Passaria hoje o aniversário daquele que considero o maior prosador do Século XX, Ernst Jünger, o qual levou a demanda da Liberdade a um ponto em que não só procurava furtar o Ser à tirania dos regimes e facções que movimentam e mobilizam as massas para combates longe dos do protagonismo aristocrático da Personalidade, mas também lhe tentava incutir a capacidade de se eximir às ordens do tempo rotineiro e contemporâneo. Daí que promovesse a significação das clepsidras e ampulhetas, por contarem um lapso temporal durante o qual se pretendia fazer alguma coisa; e rejeitasse os relógios, telefones e rádios, transmissores duma hora genérica e abstracta, a que se adstringia a obrigação de fazer alguma coisa. Como cantou uma solitude, não necessariamente associal, concretizada no refúgio florestal ou na observação e estudo sem as exigências formalistas da Escola.
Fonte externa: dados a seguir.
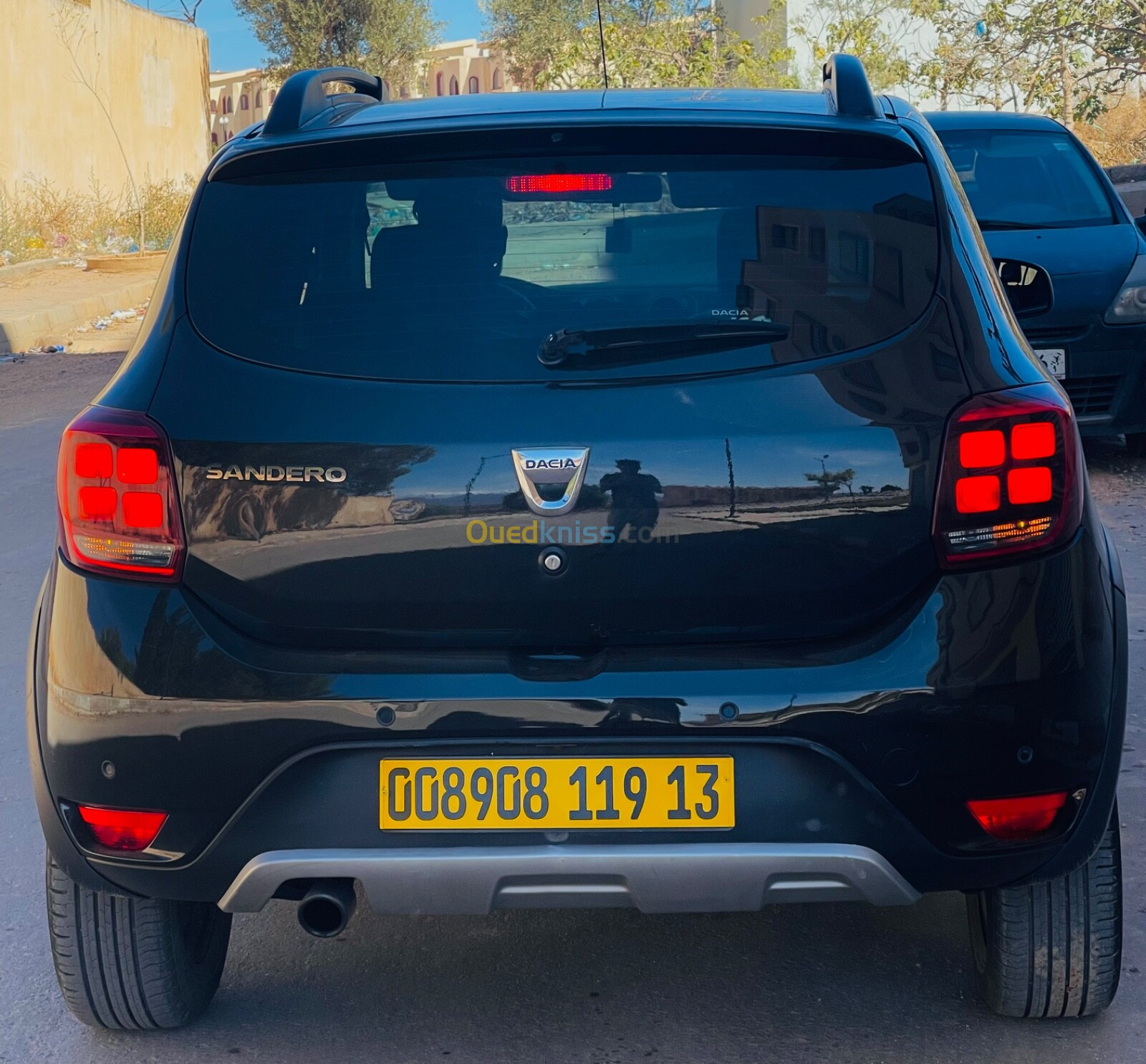 Dacia Sandero 2019 Stepway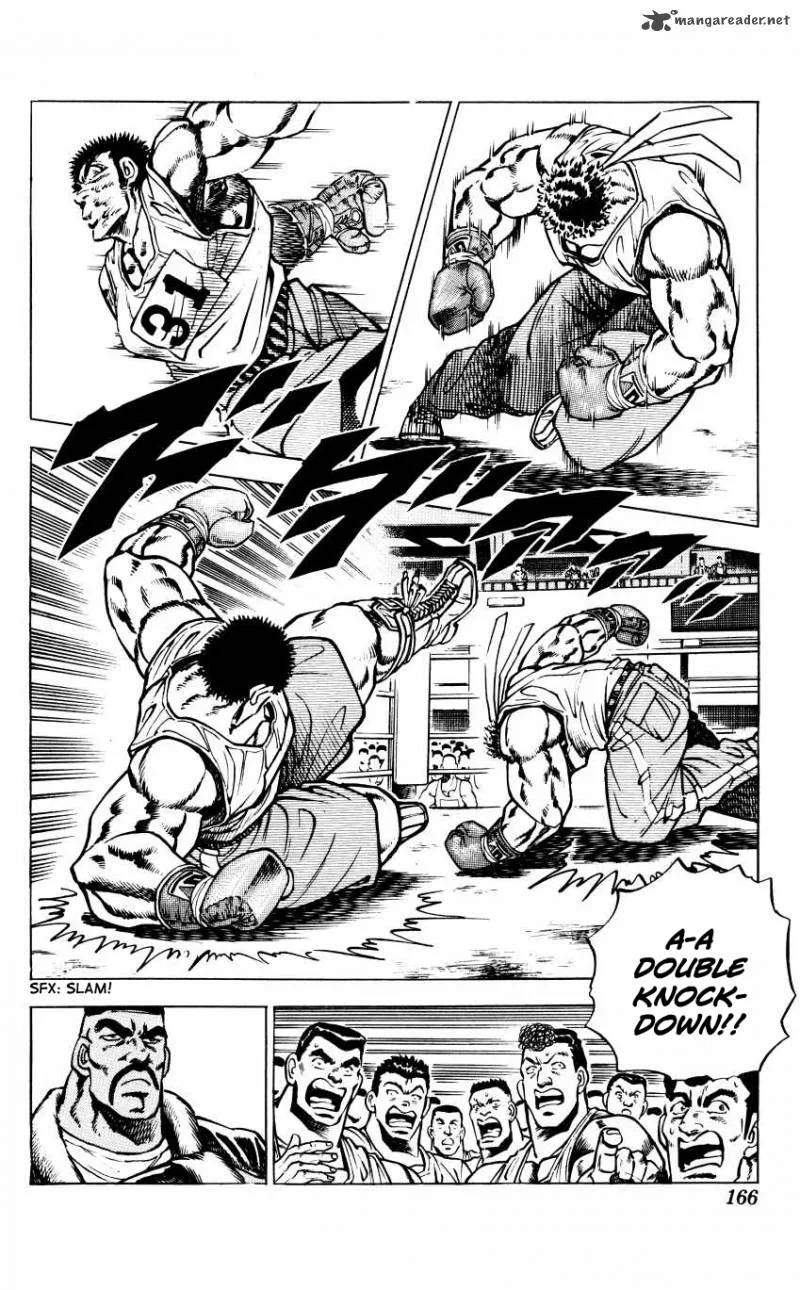 Bakudan (MIYASHITA Akira) Chapter 16 page 14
Claro que o velho protestante - como se definia - visando resgatar a Individualidade das ameaças que de todos os lados impendiam sobre ela, teria de, nas suas palavras, ele que acreditava num Criador mas não era Cristão - chegar a um flirt com a Igreja Católica, por ser a única Instância actual que, consistentemente, preserva a dignidade, pela defesa do Livre Arbítrio. E, numa vida tão longa como a que o contemplou, de concluir pelo crescimento moral que a idade avançada permite.
Noutro 29 de Março, o de 1966, escreveu, diaristicamente:
Nas nossas experiências, nas nossas tarefas, nos nossos deveres, quantas recriminações! Recriminações: quer dizer que nós não demos a resposta esperada. Recriminações aos olhos dos pais, dos mestres, dos camaradas, dos amigos, também daqueles que encontrámos casualmente. Dislates ligeiros, inconveniências, pretensões, gafes, faltas de jeito, más acções.
Seja: está longe, tudo isso, a anos e décadas de distância, ou remonta mesmo aos nossos tempos infantis. As feridas que nos infligimos, a nós e aos outros, estão há muito cicatrizadas. E há muitas coisas que nos resta saber ainda. Os parceiros, os cúmplices, os interessados estão mortos desde há muito. E enquanto vivos já tiraram a sua vingança de nós, ou nos perdoaram. Mais ninguém sabe o que quer que seja.
Nós expiámos, mas as cicatrizes são sempre dolorosas e, por vezes, doem mais do que as feridas. Os males que sofremos esquecêmo-los, mas àqueles que cometemos, não lhes vemos o fim.
Como explicar estas investigações retardadas de camadas interiores de que a vida se retirou, essa inquietude que recusa o apaziguamento? Primeiro, pelo facto de que, desde logo, nós envelhecemos e o nosso discernimento moral se afinou. Mas então a recordação das nossas boas acções deveria desculpar-nos. Ora, nada disso se passa. Nós erramos através do nosso passado, como se o bem se tivesse emancipado, assim como que através de uma passagem de que não apercebessemos senão as irregularidades, as depressões e os abismos.
Ou seja, na Memória sem auto-complacência reside o fundamento do Digno, pressuposta a linearidade do Tempo.